What Triggers Public Opposition to Immigration? Anxiety, Group Cues, and Immigration Threat


  • Data collection for this article was made possible by Time-sharing Experiments for the Social Sciences (TESS) and grants from the Howard R. Marsh Center for the Study of Journalistic Performance and the Horace H. Rackham School of Graduate Studies. Antoine Banks, Andrea Benjamin, and Eric Groenendyk provided excellent research assistance. For helpful comments on this research at various stages, we thank Jake Bowers, Nancy Burns, Jamie Druckman, Zachary Elkins, Stanley Feldman, Rob Franzese, Marty Gilens, Don Green, Greg Huber, Leonie Huddy, Don Kinder, John Lapinski, Skip Lupia, George Marcus, David Mayhew, Tali Mendelberg, Joanne Miller, Ken Scheve, John Sweeney, Cara Wong, and anonymous reviewers, as well as audiences and discussants at MPSA and APSA annual meetings, Dartmouth College, the University of Michigan, New York University, Princeton University, and Yale University.

Ted Brader is associate professor of political science, University of Michigan, Center for Political Studies, 4242 ISR, 426 Thompson Street, Ann Arbor, MI 48106-1248 (tbrader@umich.edu). Nicholas A. Valentino is Mike Hogg professor of community affairs, University of Texas at Austin, Department of Government, 1 University Station A1800, Austin, TX 78712-0119 (nvalenti@austin.utexas.edu). Elizabeth Suhay is a doctoral candidate in political science, University of Michigan, Department of Political Science, 5700 Haven Hall, Ann Arbor, MI 48109-1045 (suhay@umich.edu).

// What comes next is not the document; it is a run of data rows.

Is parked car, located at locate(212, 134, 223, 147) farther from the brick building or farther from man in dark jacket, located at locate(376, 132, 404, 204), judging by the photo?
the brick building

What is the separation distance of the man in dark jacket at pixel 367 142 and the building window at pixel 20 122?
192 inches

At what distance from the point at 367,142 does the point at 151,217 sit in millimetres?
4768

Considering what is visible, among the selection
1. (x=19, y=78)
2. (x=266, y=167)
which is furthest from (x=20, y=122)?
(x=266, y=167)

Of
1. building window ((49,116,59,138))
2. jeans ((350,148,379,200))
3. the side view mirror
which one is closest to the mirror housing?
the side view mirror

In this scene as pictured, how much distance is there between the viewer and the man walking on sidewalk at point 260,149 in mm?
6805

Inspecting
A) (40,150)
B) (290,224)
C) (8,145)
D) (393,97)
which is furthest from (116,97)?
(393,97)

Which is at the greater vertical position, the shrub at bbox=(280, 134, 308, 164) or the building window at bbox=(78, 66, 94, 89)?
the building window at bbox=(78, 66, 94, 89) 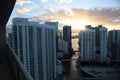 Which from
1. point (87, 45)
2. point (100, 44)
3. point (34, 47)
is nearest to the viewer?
point (34, 47)

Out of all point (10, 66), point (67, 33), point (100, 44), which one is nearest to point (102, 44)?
point (100, 44)

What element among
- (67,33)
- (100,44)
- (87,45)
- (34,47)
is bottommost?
(87,45)

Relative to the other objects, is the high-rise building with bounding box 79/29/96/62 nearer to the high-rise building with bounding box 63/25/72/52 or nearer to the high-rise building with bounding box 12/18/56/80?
the high-rise building with bounding box 63/25/72/52

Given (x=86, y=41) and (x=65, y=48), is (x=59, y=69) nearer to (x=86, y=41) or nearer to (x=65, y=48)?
(x=86, y=41)

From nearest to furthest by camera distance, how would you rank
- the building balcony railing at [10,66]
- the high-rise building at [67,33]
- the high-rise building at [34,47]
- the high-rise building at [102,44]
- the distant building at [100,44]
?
the building balcony railing at [10,66] < the high-rise building at [34,47] < the high-rise building at [102,44] < the distant building at [100,44] < the high-rise building at [67,33]

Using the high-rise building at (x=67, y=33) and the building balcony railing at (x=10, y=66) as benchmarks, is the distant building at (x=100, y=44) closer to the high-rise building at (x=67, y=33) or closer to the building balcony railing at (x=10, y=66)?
the high-rise building at (x=67, y=33)

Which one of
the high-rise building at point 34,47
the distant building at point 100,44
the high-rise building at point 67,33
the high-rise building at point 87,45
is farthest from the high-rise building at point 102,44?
the high-rise building at point 34,47

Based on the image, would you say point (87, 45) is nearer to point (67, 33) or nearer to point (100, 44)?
point (100, 44) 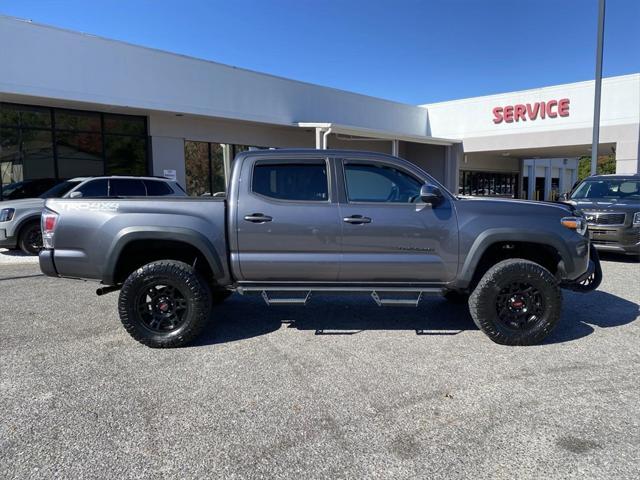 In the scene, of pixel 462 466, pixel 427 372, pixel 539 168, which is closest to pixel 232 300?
pixel 427 372

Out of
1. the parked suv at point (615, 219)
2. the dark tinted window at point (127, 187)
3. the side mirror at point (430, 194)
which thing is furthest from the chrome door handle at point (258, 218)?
the dark tinted window at point (127, 187)

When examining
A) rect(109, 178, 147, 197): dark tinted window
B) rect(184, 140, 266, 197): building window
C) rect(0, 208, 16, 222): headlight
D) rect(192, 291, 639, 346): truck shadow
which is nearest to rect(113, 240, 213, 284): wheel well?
rect(192, 291, 639, 346): truck shadow

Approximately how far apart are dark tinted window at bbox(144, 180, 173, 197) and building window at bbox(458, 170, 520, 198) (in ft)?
62.1

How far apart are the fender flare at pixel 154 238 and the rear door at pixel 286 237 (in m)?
0.28

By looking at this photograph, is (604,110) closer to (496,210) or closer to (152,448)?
(496,210)

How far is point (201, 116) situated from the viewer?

We examine whether and how elite discourse shapes mass opinion and action on immigration policy. One popular but untested suspicion is that reactions to news about the costs of immigration depend upon who the immigrants are. We confirm this suspicion in a nationally representative experiment: news about the costs of immigration boosts white opposition far more when Latino immigrants, rather than European immigrants, are featured. We find these group cues influence opinion and political action by triggering emotions—in particular, anxiety—not simply by changing beliefs about the severity of the immigration problem. A second experiment replicates these findings but also confirms their sensitivity to the stereotypic consistency of group cues and their context. While these results echo recent insights about the power of anxiety, they also suggest the public is susceptible to error and manipulation when group cues trigger anxiety independently of the actual threat posed by the group.